Selasa, 11 Juni 2013

Banyuwangi (1)


Pertama mendengar Kali Kempit, rasanya aneh. Kali Kempit merupakan salah satu daerah di Banyuwangi. Dan aku tak menyangka akan terdampar di Banyuwangi ini. Aku ke kota ini karena kebetulan waktu itu aku ikut pelatihan dan akhir dari pelatihan ini aku harus  magang di perkebunan daerah Banyuwangi. Aku tak begitu mengenal kota ini. Setauku, Banyuwangi ada di ujung timur propinsi Jawa Timur. Berbatasan laut dengan pulau Bali.
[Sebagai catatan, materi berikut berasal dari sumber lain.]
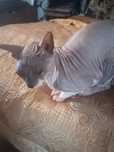 Дән кий сфинкс кот Обмен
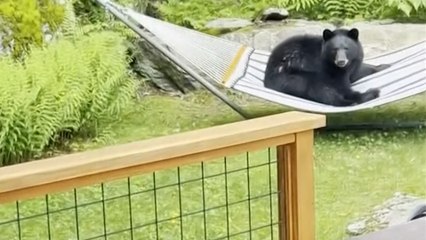 Un oso se cuela en un jardín y disfruta de la hamaca de un vecino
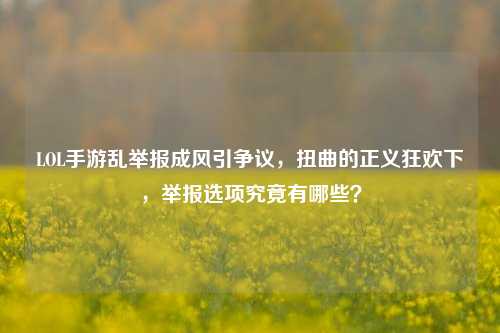LOL手游乱举报成风引争议，扭曲的正义狂欢下，举报选项究竟有哪些？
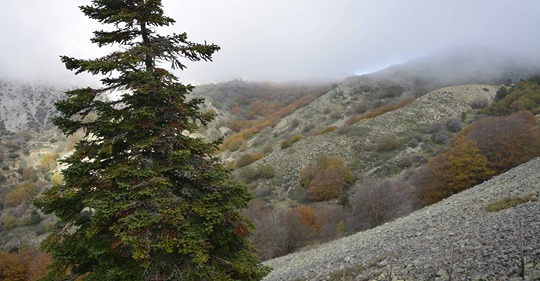 NATURA E BIODIVERSITA’ IL PROG.LIFE4 FIR Responsabile per il Parco delle Madonie Dott.Peppuccio Bonomo continuano i progressi e i notevoli successi.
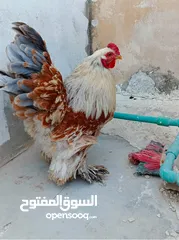  5 ديوك براهيمي للبيع  اتصل لمعرفت السعر والسعر منخفض لحق حالك وتل أو ابعث رساله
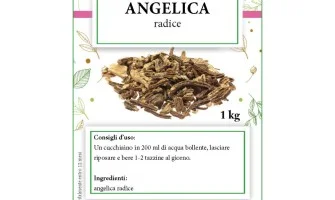 Distributori erbe aromatiche e officinali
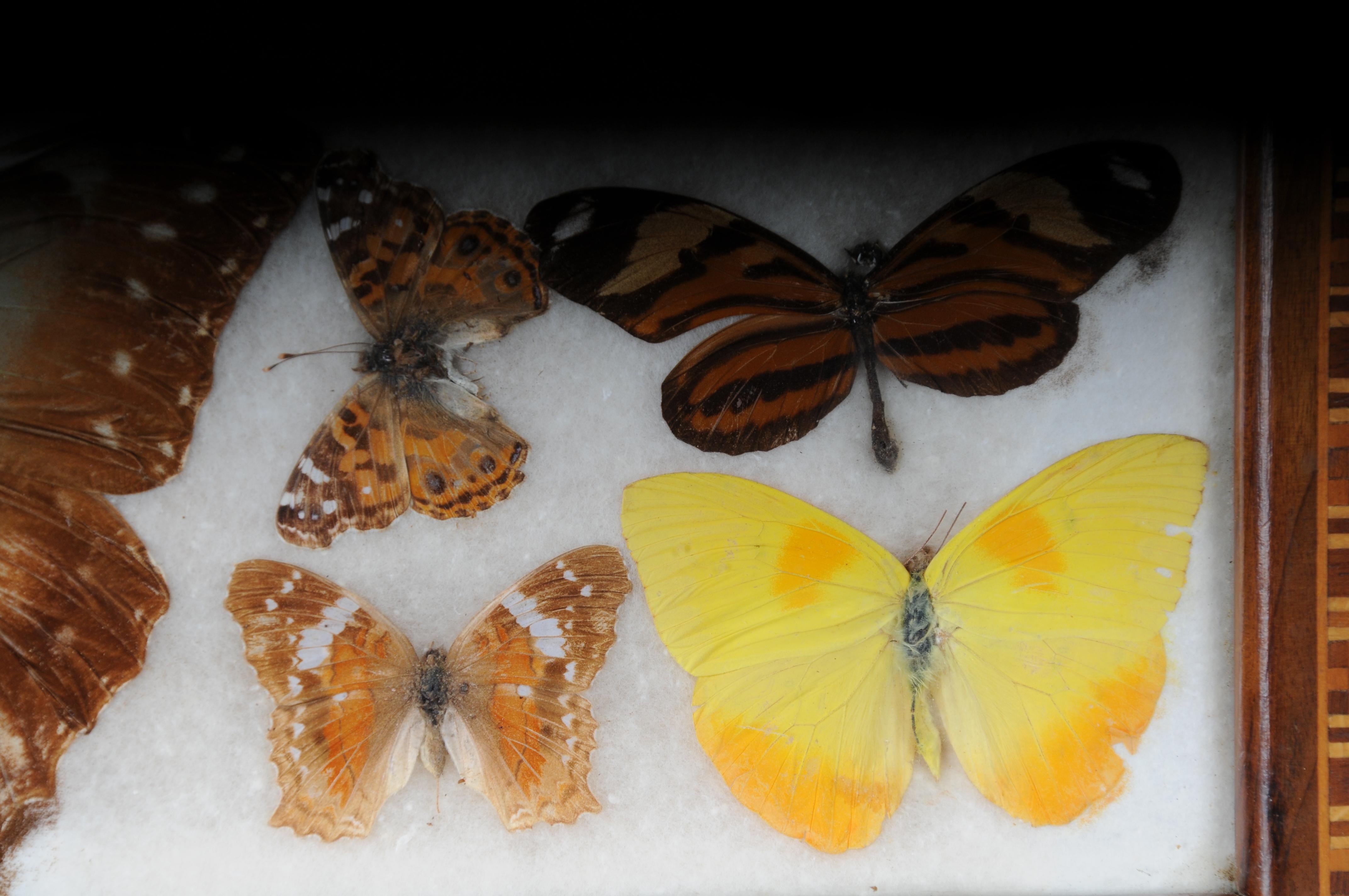 Curious Antikes Tablett mit echten Schmetterlingsexemplaren. Sehr selten im Angebot 4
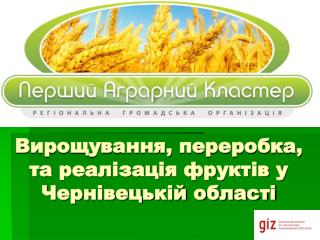 Вирощування, переробка, та реалізація фруктів у Чернівецькій області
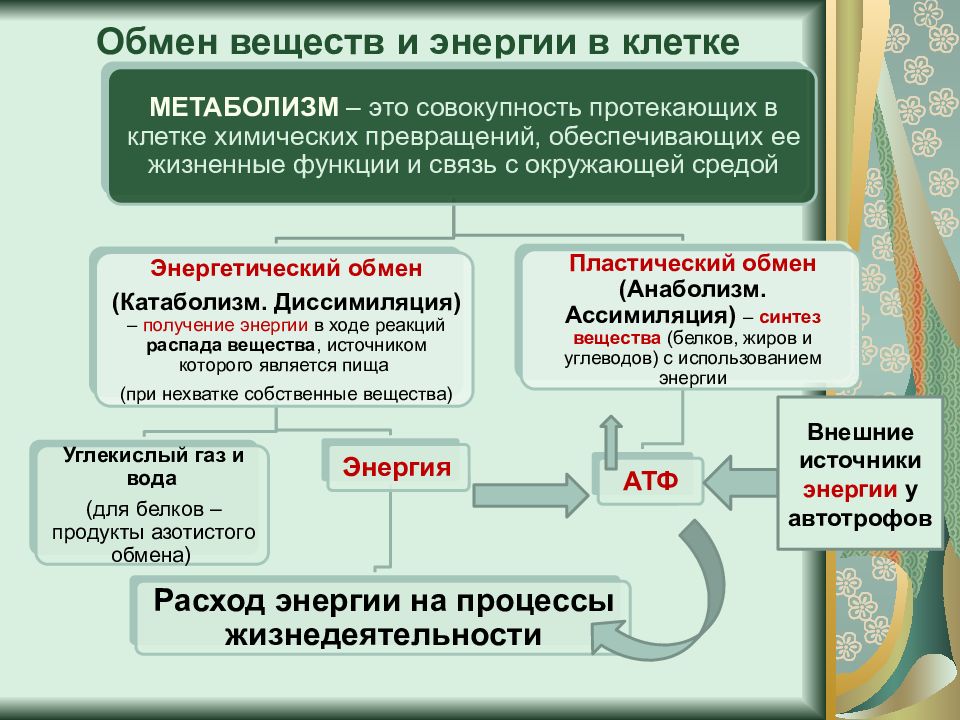 Презентация по теме энергетический обмен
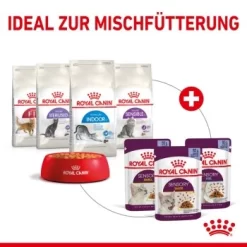 ROYAL CANIN SENSORY Smell In Gelee Für Wählerische Katzen 12x85g -Tierbedarf Fach Geschäfte 25c7f2b0017090b05172a164b94d24299f626039 5b9b3776479c43ed4449b8634046c65b7d96c1fe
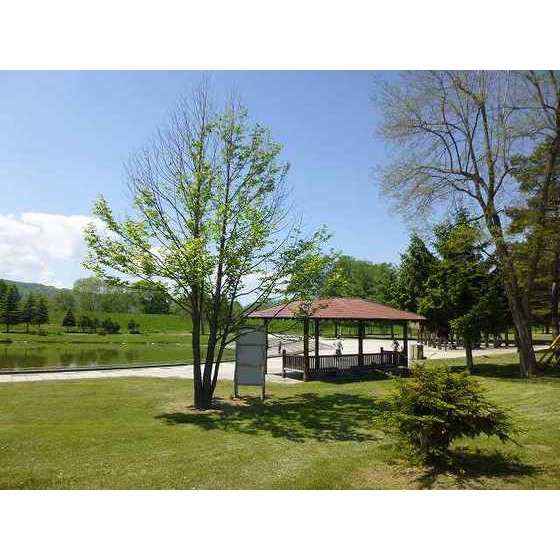 公園　常盤公園（公園）まで1493m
Setelah menempuh perjalanan naik bus Akas dari Yogya hampir 12 jam kita mampir dulu di Jember. Dari Jember kita naik lagi mobil menuju Banyuwangi. Siang itu hari Senin jam 14.00, kami sampai di Banyuwangi. Waktu itu hujan baru saja turun, tanah masih basah. Kami berempat Cheche, Nuning, Eko nur dan aku mampir dulu di kantor perkebunan Kali kempit. Setelah kami menghadap wakil pimpinan kebun kami diantar ke mess, tempat kami menginap. Kantor kebun memang terletak di pinggir jalan tapi mess kami letaknya jauh dari jalan. Perjalanan menuju mess kami melewati perumahan penduduk setelah itu kami hanya melewati lahan kosong yang sangat luas. Setelah itu baru kami melewati perkebunan kakao. Tibalah kami di mess. Mess kami sebenarnya tidak jauh dari rumah penduduk para buruh kebun dan rumah mandor besar tapi karena mess halamannya sangat luas makanya rasanya mess kami menyendiri.  Mess kami itu seperti rumah, ada 3 kamar, ada ruang tamu, ruang makan, kamar mandi dan dapur. Halaman rumahnya sangat indah karena banyak tanaman-tanaman hias. Jika aku keluar rumah, aku merasa mess kami seperti villa. Mess kami hanya berupa rumah tua peninggalan Belanda seakan penuh misteri.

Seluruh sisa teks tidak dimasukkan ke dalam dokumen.